Помолясь и здраво рассудив, решил отец Евгений, что пусть паскудник посидит пару-тройку деньков, чтобы неповадно было
Выждав положенное, отправился вызволять. Понятно, что едва не расплакался, увидев драгоценного своего ребёнка, больше похожего на ощипанную курицу. Но драться и поучать не полез. Многозначительно и угрожающе молчал. Что ещё хуже.
А потом возликовал, когда полицейские ему по секрету сказали, что сынок его от таких потрясений в обезьяннике молиться начал. И даже проповедовал бомжам и алкашам. Что, мол, не по-христиански им вообще-то такую жизнь вести. Надо бы завязывать с пьянством и тунеядством и к Богу обращаться, чем быстрее, тем лучше.

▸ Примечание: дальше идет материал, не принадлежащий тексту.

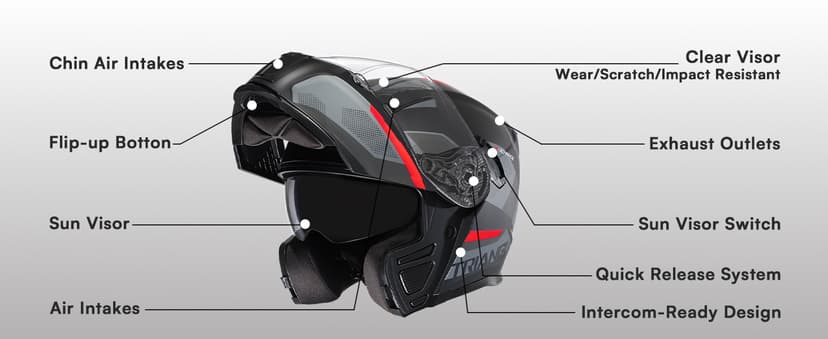 TRIANGLE Modular Motorcycle Helmets for Men Flip Up Full Face Helmet Dual Visor with Internal Sunshield DOT Approved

В общем, подействовала батюшкина воспитательная хитрость. Да так подействовала, что сынок сейчас в семинарии учится. Священником хочет стать. Шоковая терапия…
***
А недавно у меня разговор с одним новоиспеченным отцом приключился. Который в маленькой своей дочке души не чает, обцеловывает всю, причащает, задыхаясь от гордости и нежности, и мечтает ей густые косы плести, когда на ее лысой голове хоть какая-то поросль образуется.
– Я вот даже представить себе не могу, что появится когда-нибудь грубое животное и заберёт у меня мою принцессу, – говорил он мне с неподдельным ужасом в глазах.
«Животное» – это мужчина, значится... Ну-ну...
– Я очень придирчиво буду отбирать ей женихов, – продолжал он. – Мимо меня даже мышь не проскочит.
– Ну, или дочка тебя даже не спросит, – жестоко и бесцеремонно «выстрелила» я в его наивную, чистую отцовскую душу.
И мне показалось, что он сейчас, и правда, склеит ласты прямо у меня на руках от такой перспективы.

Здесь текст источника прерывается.